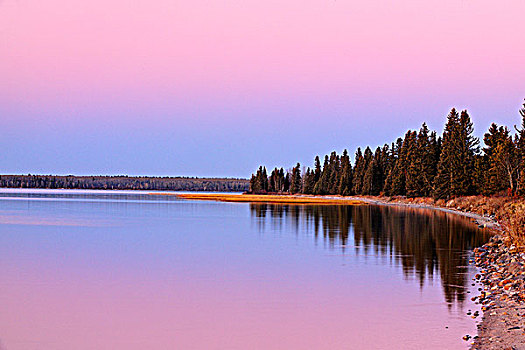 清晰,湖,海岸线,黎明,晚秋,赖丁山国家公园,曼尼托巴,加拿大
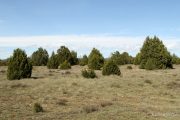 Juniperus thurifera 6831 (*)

==

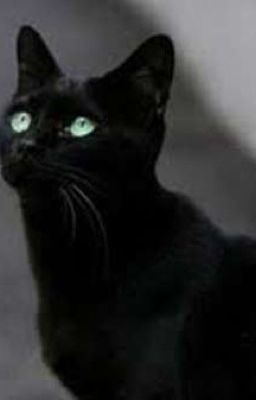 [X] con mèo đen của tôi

-- Instructions to follow --
Within the listing above, print exactly the stretch beginning at the line that contains "清晰,湖,海岸线,黎明,晚秋,赖丁山国家公园,曼尼托巴,加拿大" and finishing at the line that contains "Juniperus thurifera 6831 (*)", ends kept, pictures left out, and nothing more.

-- Problem solution --
 清晰,湖,海岸线,黎明,晚秋,赖丁山国家公园,曼尼托巴,加拿大
 Juniperus thurifera 6831 (*)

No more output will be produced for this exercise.